The controversial apartment planned for a townhouse-lined section of West Lane will go forward after the Montgomery County Council on Tuesday shut down opponents’ claims that the building will be incompatible with the neighborhood.
Residents of a few condo and townhome properties near 4831 West Lane have been fighting for more than a year with D.C. developer SJG Properties, which wants to build a seven-story, approximately 120-unit apartment rental project less than 1,000 feet from the Bethesda Metro station.
Residents from the City Homes of Edgemoor and the Edgemoor Condominium Residences say the building, five feet taller than the 1994 Bethesda CBD Master Plan recommends, will be too dense for the neighborhood and will hurt traffic flow and pedestrian safety on the narrow street.
But new development is often approved for more height and density than recommended in area Master Plans and the attorney for SJG Properties argued Monday that the seven-story building with a 73-foot setback from West Lane will actually be more compatible with the Sector Plan than the very properties opponents live in.
“Quite frankly, of the nine buildings adjacent or abutting the City Homes, this is set back the farthest,” SJG attorney Pat Harris said in oral arguments for a zoning text amendment before the Council. “The City Homes itself does not conform with the sector plan recommendations, with 27 units per acre and a suburban townhouse layout with an orientation perpendicular to the street.

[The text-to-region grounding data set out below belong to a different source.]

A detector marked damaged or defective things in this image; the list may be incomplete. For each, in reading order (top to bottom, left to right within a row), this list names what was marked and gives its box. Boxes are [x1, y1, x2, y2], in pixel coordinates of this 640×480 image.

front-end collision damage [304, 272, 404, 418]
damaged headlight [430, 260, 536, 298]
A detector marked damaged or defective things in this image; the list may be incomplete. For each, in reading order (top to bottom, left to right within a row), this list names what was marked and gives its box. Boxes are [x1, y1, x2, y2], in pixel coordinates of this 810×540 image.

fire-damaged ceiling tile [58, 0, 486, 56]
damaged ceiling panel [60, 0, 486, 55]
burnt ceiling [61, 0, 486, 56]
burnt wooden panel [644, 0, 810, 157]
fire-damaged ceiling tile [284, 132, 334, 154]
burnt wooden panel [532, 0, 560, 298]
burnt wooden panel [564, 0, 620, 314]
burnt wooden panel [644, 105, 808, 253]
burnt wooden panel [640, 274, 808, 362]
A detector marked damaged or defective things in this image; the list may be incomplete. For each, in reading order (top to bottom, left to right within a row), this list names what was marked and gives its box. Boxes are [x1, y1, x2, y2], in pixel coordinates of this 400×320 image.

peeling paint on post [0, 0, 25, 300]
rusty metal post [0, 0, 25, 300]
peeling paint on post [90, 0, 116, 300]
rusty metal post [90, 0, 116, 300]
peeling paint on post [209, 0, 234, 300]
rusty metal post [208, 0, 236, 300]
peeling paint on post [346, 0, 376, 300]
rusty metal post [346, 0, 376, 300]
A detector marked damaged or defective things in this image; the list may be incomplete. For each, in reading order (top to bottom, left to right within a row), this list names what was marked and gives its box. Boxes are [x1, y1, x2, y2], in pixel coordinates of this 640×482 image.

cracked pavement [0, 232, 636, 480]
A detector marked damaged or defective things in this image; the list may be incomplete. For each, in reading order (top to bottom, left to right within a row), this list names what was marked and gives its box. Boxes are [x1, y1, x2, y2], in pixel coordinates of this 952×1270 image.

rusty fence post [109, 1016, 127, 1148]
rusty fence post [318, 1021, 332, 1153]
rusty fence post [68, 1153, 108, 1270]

This is exactly the type of product that we want and should be promoted within 900 feet of a Metro station.”
To get the added density, SJG must provide 15 percent (or roughly 18 total) moderately-priced dwelling units, above the county’s 12.5 percent MPDU requirement for new development.
Harris argued a mix of housing supply — the area now includes high-priced luxury townhomes and condos, including the 100-foot high Edgemoor Condominium Residences to the east — was exactly what the Master Plan called for and was in line with the county’s housing policy.
The Council, by an 8-1 vote, agreed. Councilmember Marc Elrich (D-At large) voted in favor of opponents, who argued the Master Plan included recommendations for a “tenting effect” from the largest buildings on Woodmont Avenue, closest to the Metro station, to the shorter residential buildings on Arlington Road.
“What we’re dealing with here is a D.C.-based developer that is pressing to build a structure that might be appropriate on a D.C. block but that is wholly inconsistent with the Montgomery County Master Plan for a mixed street,” argued Andrew Niebler, a Edgemoor Condominium resident opposed to the project.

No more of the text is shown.